Ontonagon County Airport, also known as Schuster Field , is a county-owned public-use airport located 3 miles (5 km) west of the central business district of Ontonagon, Michigan, a village in Ontonagon County, Michigan, United States. It is included in the Federal Aviation Administration (FAA) National Plan of Integrated Airport Systems for 2021–2025, in which it is categorized as a basic general aviation facility.

Although most airports in the United States use the same three-letter location identifier for the FAA and International Air Transport Association (IATA), this airport is assigned OGM by the FAA but has no designation from the IATA. It is the westernmost U.S. airport in the Eastern Time Zone.

In 2018, the airport was the base for a search and rescue training mission run by the US Navy and the Air National Guard. MH-60 Sea Hawk Helicopters and A-10 Thunderbolts operated at the airport as part of the mission.

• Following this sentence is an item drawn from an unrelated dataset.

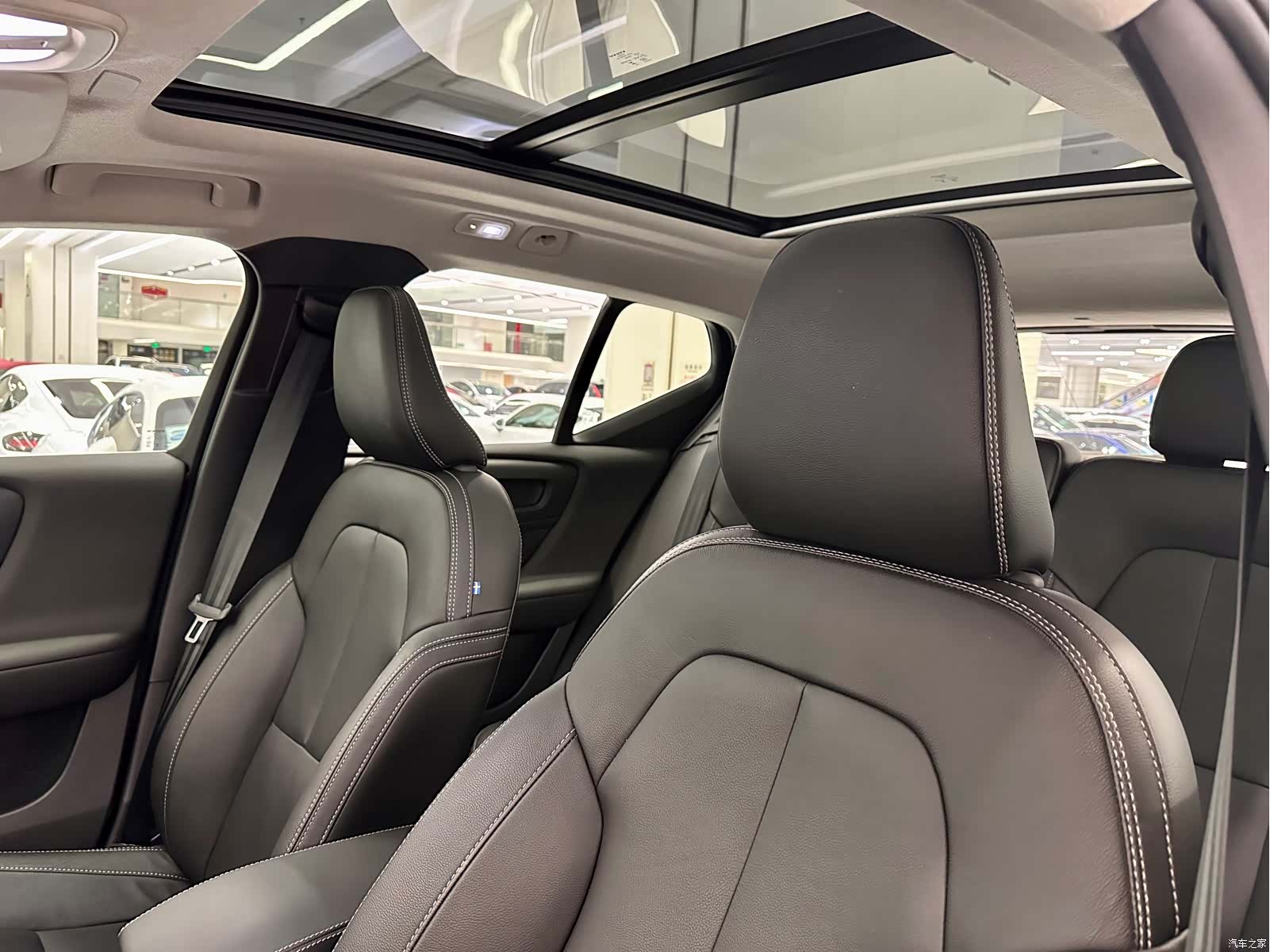Volvo XC40, 2024 11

== Facilities and aircraft ==
Ontonagon County Airport covers an area of 360 acres (145 ha) at an elevation of 665 feet (203 m) above mean sea level. It has one runway: 17/35 is 3,503 by 75 feet (1,068 x 23 m) with an asphalt surface, with one approved RNAV approach.

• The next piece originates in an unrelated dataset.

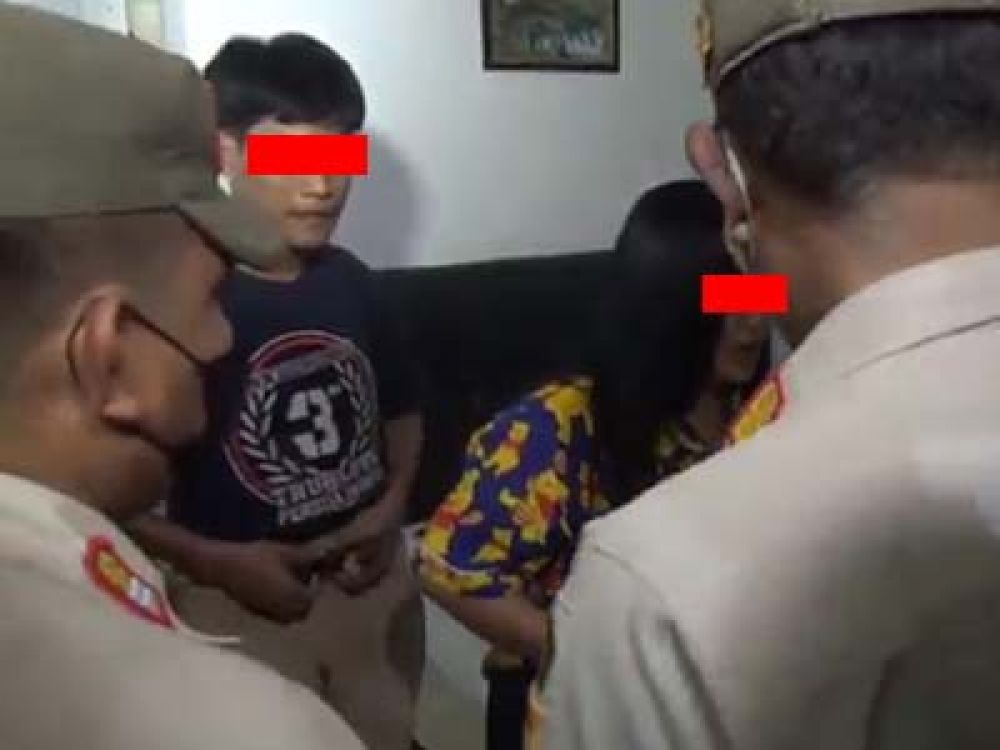 Petugas gabungan saat memeriksa pasangan tak resmi.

The airport has a fixed-base operator that sells avgas and offers amenities such as coffee, a crew lounge, and a snooze room.

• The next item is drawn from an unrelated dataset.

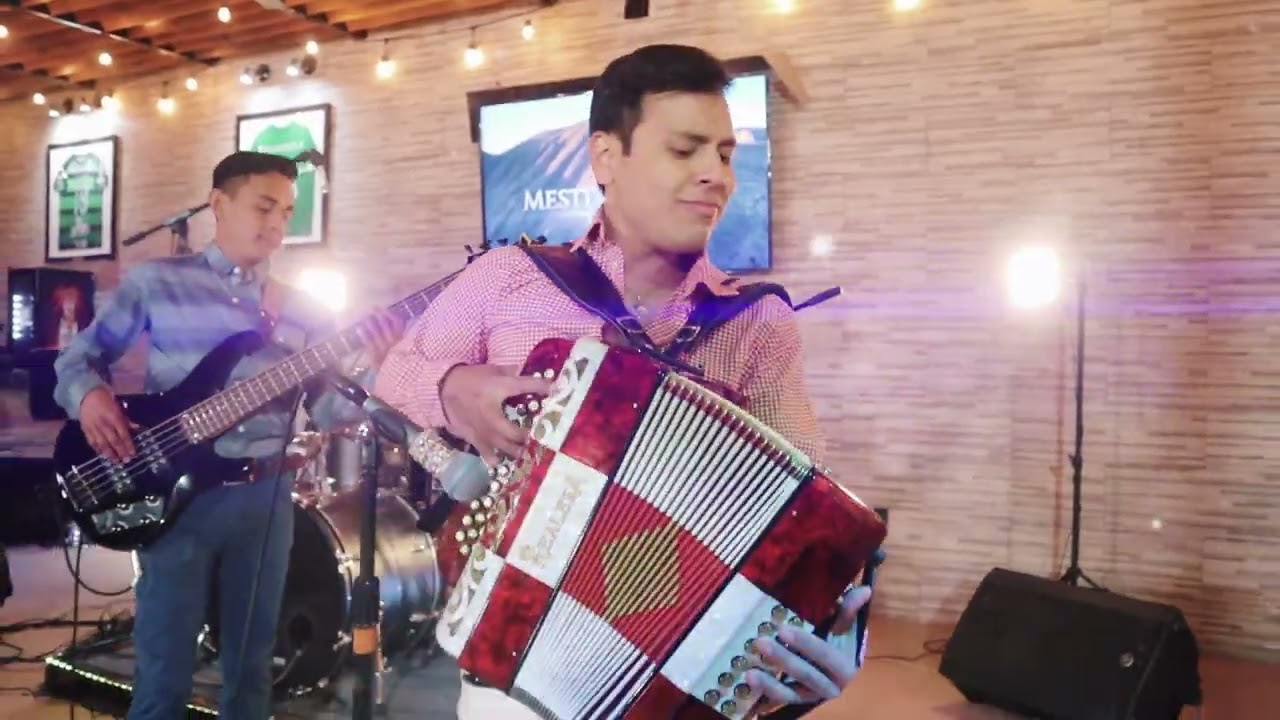 Natanael Cano   Morritas (cover La Bandera Sp)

A number of airport upgrade plans were announced in 2016, including installing an Automatic Weather Observation System (AWOS), extending the runway length and clearing land to create a runway protection zone for emergency landings. The cost of the AWOS system was expected to be largely covered by the Federal Aviation Administration, and airport officials say installing it would make it easier for commercial operators to use the airport. Other potential upgrades included adding an approved straight-in instrument approach (at the time the airport only had a circling approach), adding a new gas line to serve the airport, upgrading asphalt around airport buildings, and building a larger hangar to help more pilots lease space to store their aircraft.

For the 12-month period ending December 31, 2022, the airport had 150 aircraft operations, an average of less than 1 per day. It was composed of 100% general aviation.
In December 2022, there were 5 aircraft based at this airport: all single-engine airplanes.

== Accidents and incidents ==

- Flight crews and the Civil Air Patrol searched for a missing aircraft, a Piper Cherokee 180, that never arrived at the airport on the weekend of August 3 and 4, 2019.